Among many other periods, the 1920s has been of most interest to me in regards to learning about past politics and social changes. It is interesting to note that the prosperity followed very significant events in history, such as the Influenza epidemic and World War One. Economic growth continued throughout the decade, ending quite suddenly with the onslaught of the Great Depression as a result of the 1929 Stock Market Crash.
This idealism was not equally shared in other global nations. The reprucussions of the Versailles Treaty stipulated strict punishment for the Germany nation, and the dissolving of the Weimar Republic. Many historians consider the treaty to be horendously one-sided, despite acceptance from such nations as France and Belgium, who were particularly affected during the war. Western Europe was greatly modified economically following the war, leading to dramatic changes, foreshadowing future events.

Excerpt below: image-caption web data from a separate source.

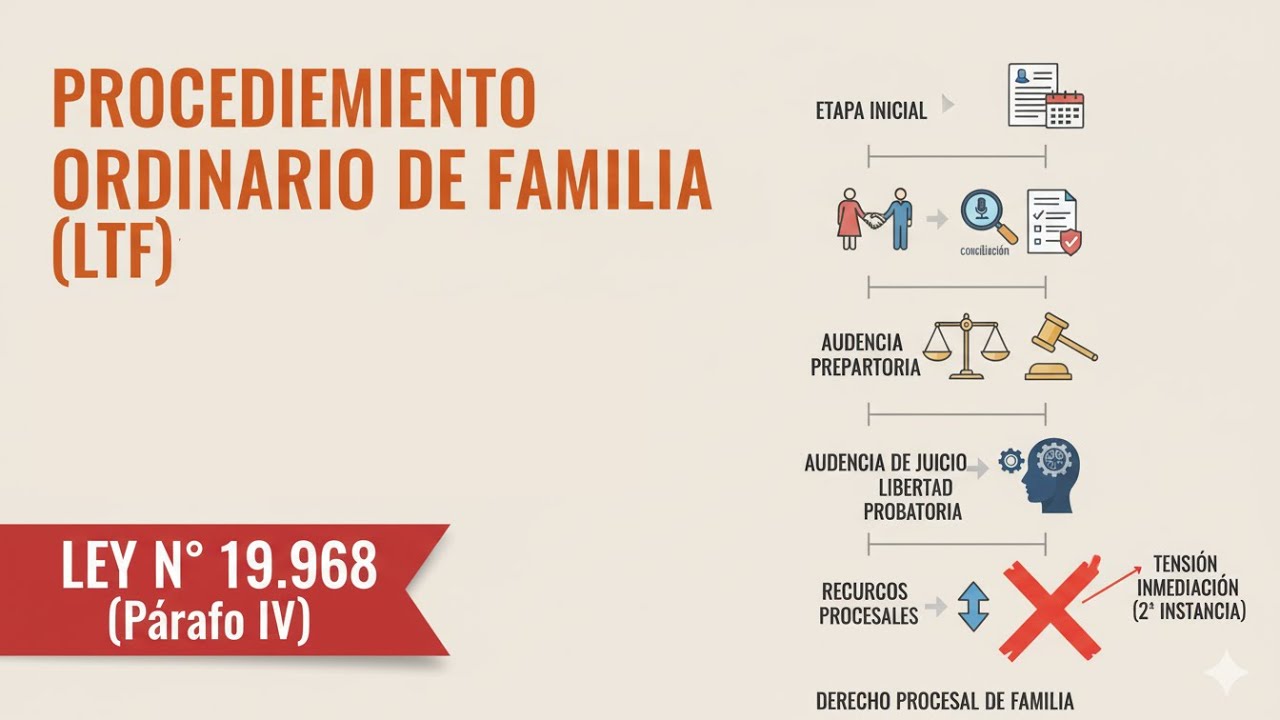 PROCEDIMIENTO ORDINARIO DE FAMILIA: Estructura, Principios y la Inmediaci&oacute;n en Recursos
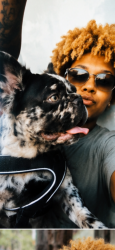 Lost Unknown Dog last seen Ingrid ave, San Diego, CA 92154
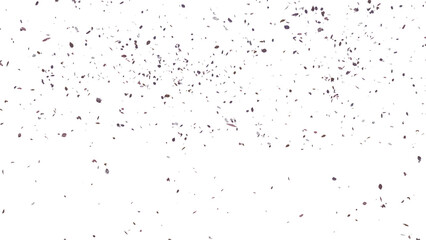 Beautiful Leaf Falling  Use White Background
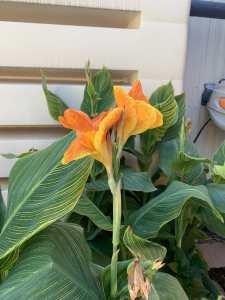 Canna Lilly Tropicana Gold Plant in Decorative Plastic Pot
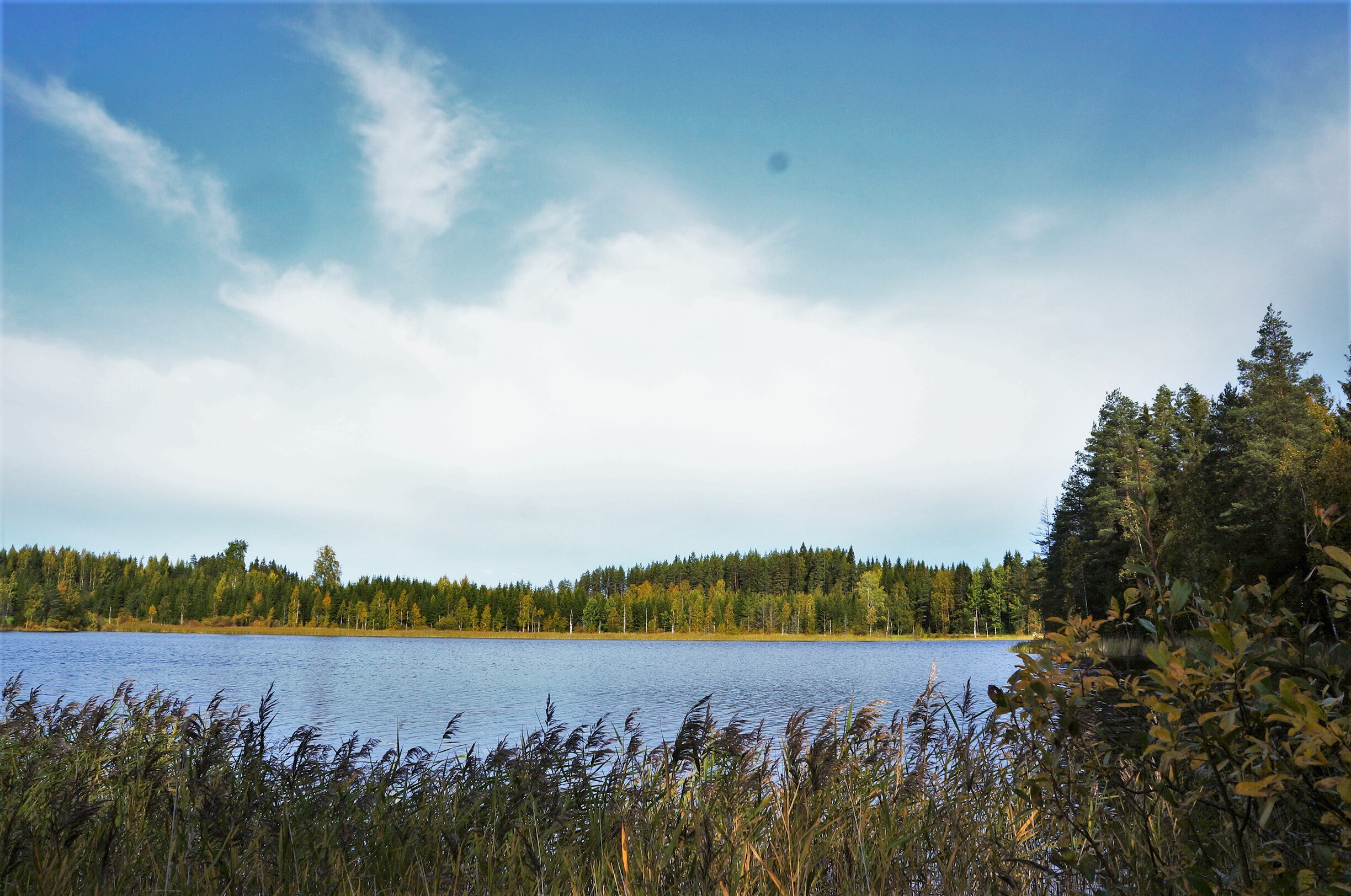Leppävirrantie -, Räsälä, Kuopio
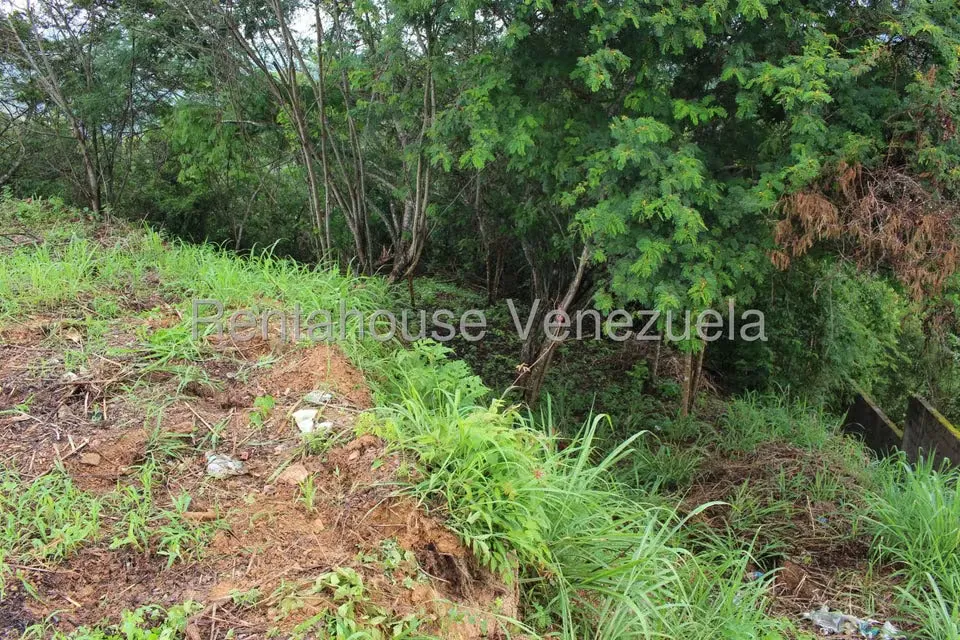 Terreno (Residencial) en Venta en El Hatillo, Distrito Metropolitano - 10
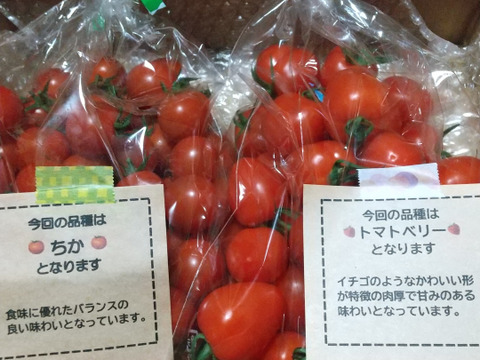 【食べ比べ 】食卓に笑顔を　ハートの様な形のトマトベリー＆ミニトマトのセット 1kg【千葉県旭市産】【トマト食べ比べ】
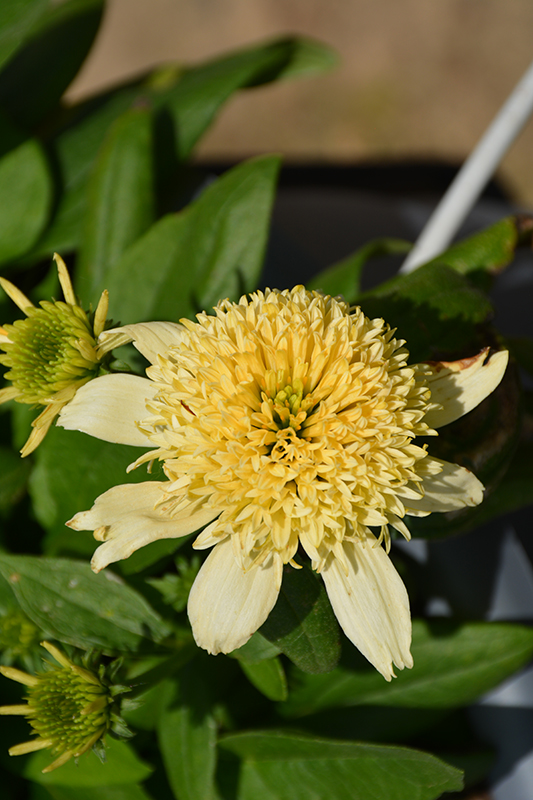 Double Coded Butter Pecan Coneflower (Echinacea 'Butter Pecan') at Caan Floral & Greenhouse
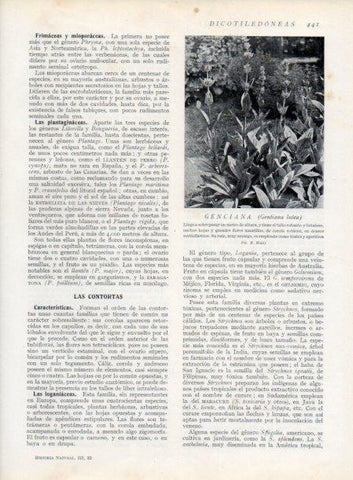 LAMINA V13809: Genciana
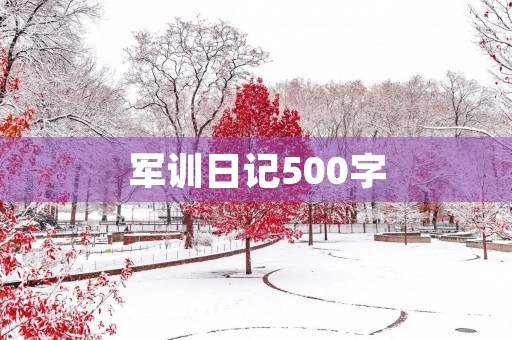 军训日记500字 军训日记500字
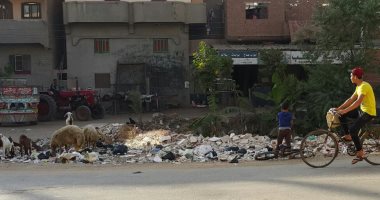 قارئ يشكو من انتشار القمامة بقرية برج نور فى الدقهلية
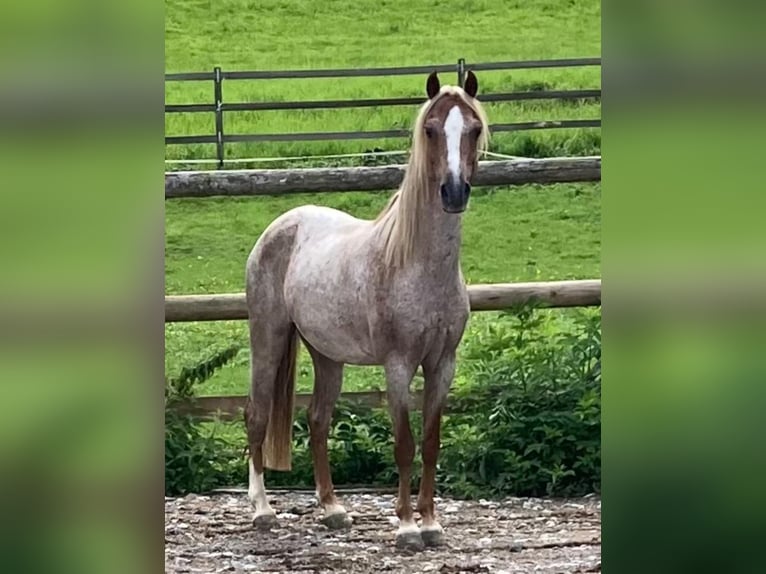 Kuc walijski sekcji B Wałach 13 lat 132 cm in Dietikon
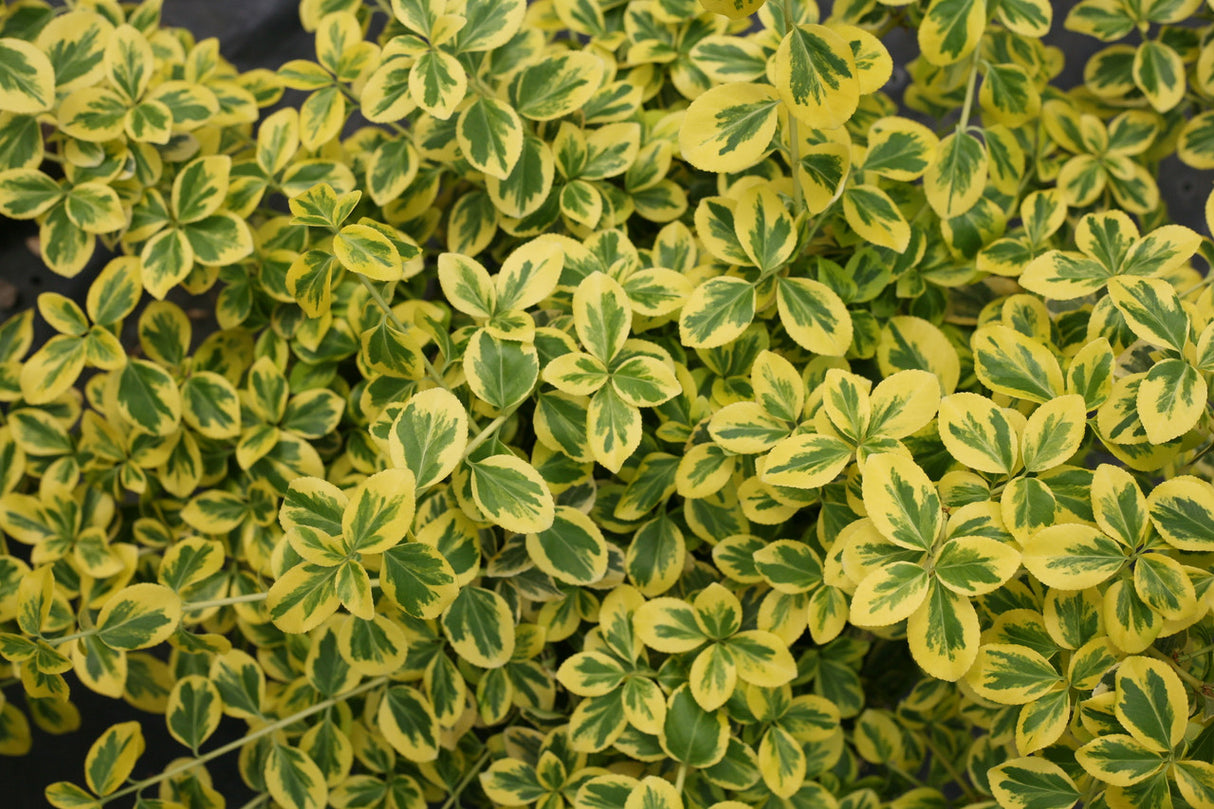 Euonymus fortunei 'Gold Splash®'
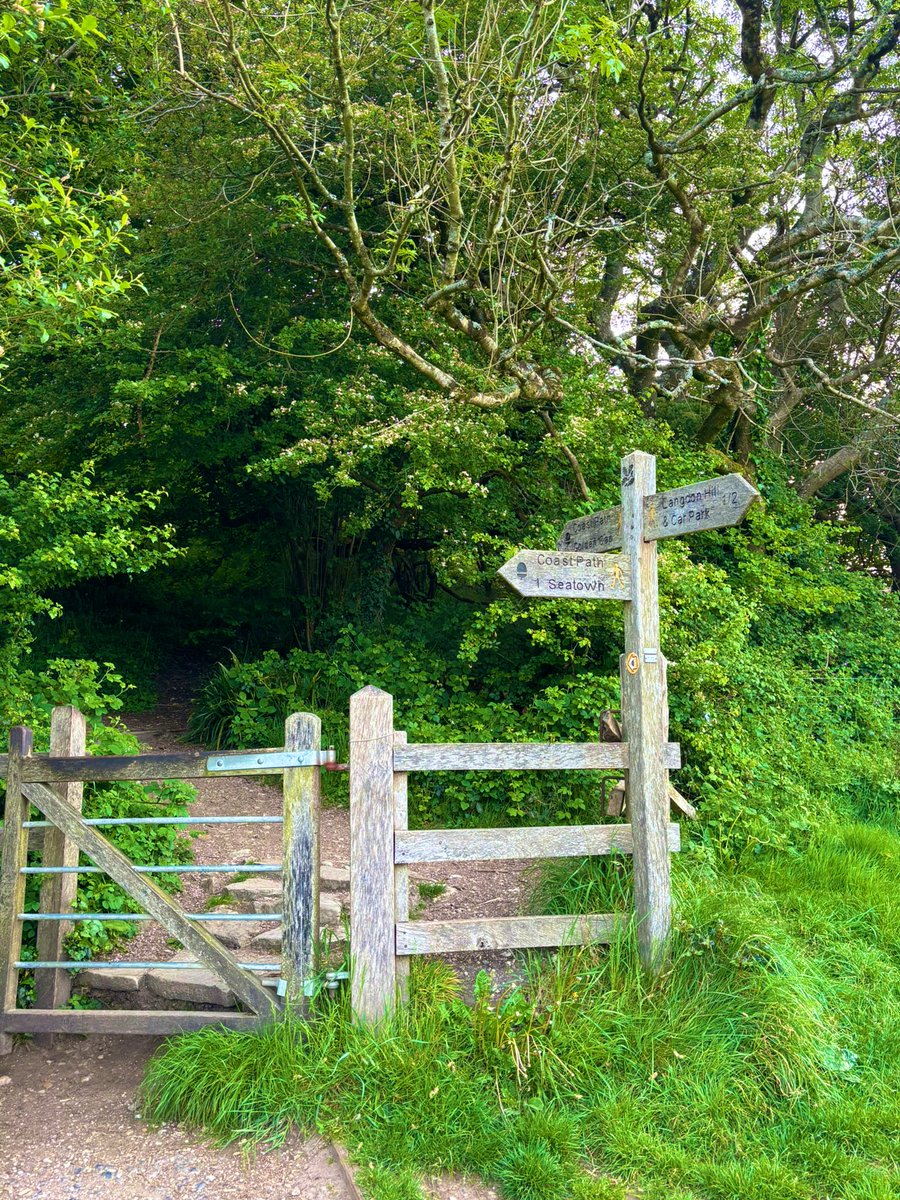 OurScapes's tweet image. Where ever you may be, have a great  #FingerpostFriday everyone 🚏🪧

@FingerPostFri 
@LoveOfGates 
#goldencap
#dorset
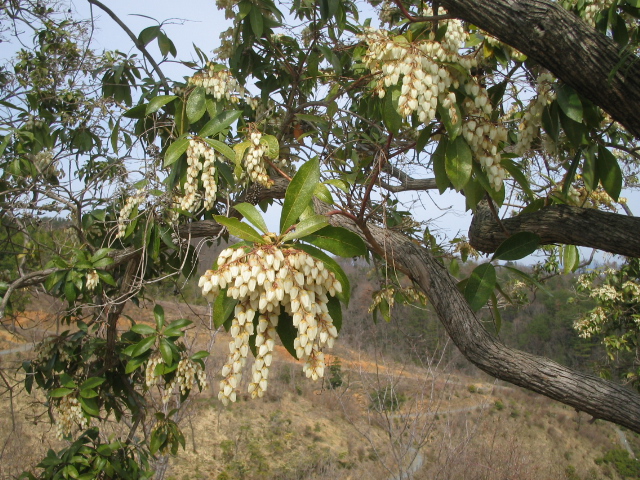 f0085369_925268.jpg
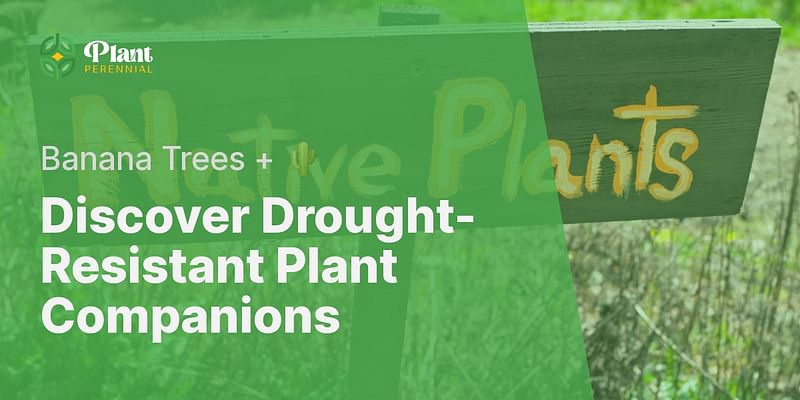 Discover Drought-Resistant Plant Companions - Banana Trees + 🌵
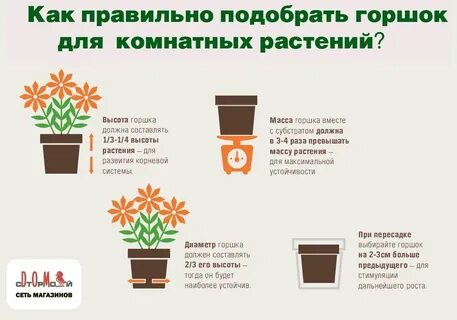 Как правильно подобрать цветы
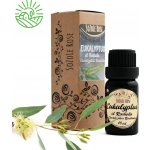 SoZoLe Rose Éterický olej Eukalyptus Radiata 10 ml – Hledejceny.cz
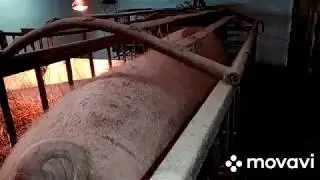 Роды в прямом эфире!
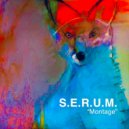 S.E.R.U.M. - Montage (Original Mix)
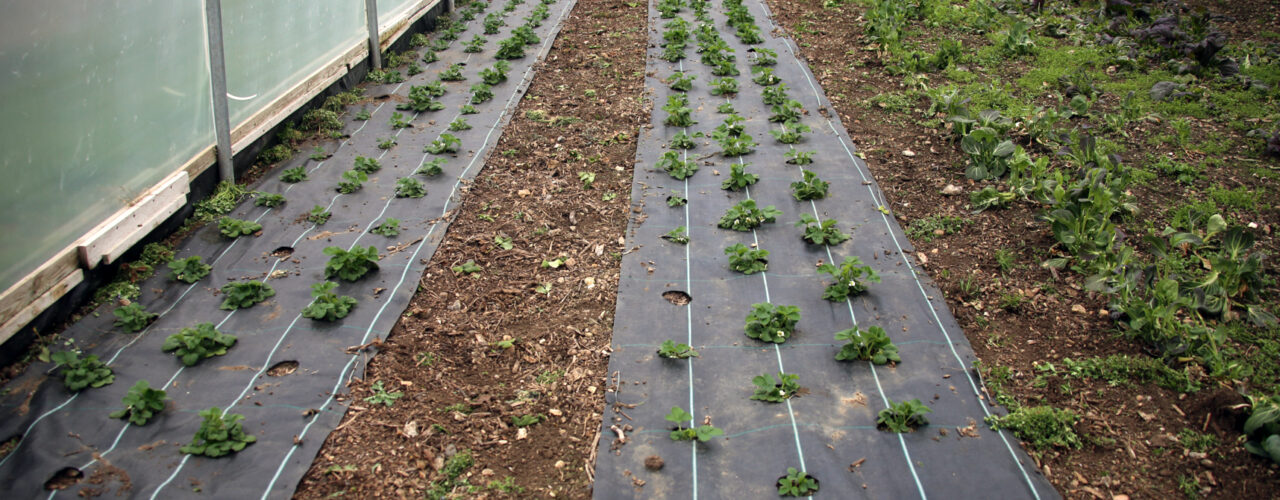 Plastic is a useful tool for soil covering. Completely degradable plastic from renewable resources is required, but the cover also has to last long enough to fulfill the purpose (Photo: Ulrich Schmutz)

Characteristic of the post-WW1 economy was inflation. According to economist George Mankiw, hyperinflation was particularly devastating to German citizens. Where a newspaper once cost .30 marks in 1918, now cost 70,000,000 marks in 1921. The German government sought to stabilize the economy through printing more money, though it eventually became useless as the monetary value plummeted. Many historians consider this to be one of the main events to stimulate the rise in fascism in Germany and Italy. It seemed an ultimate resolve to combat the aggression felt by other war-torn nations.
As such, it is difficult to analyze this decade from a general standpoint. American prosperity was more visible simply because American neutrality throughout most of the Great War, and limited involvement towards the conclusion. It was, however, an influential time in history; one that deserves careful recognition.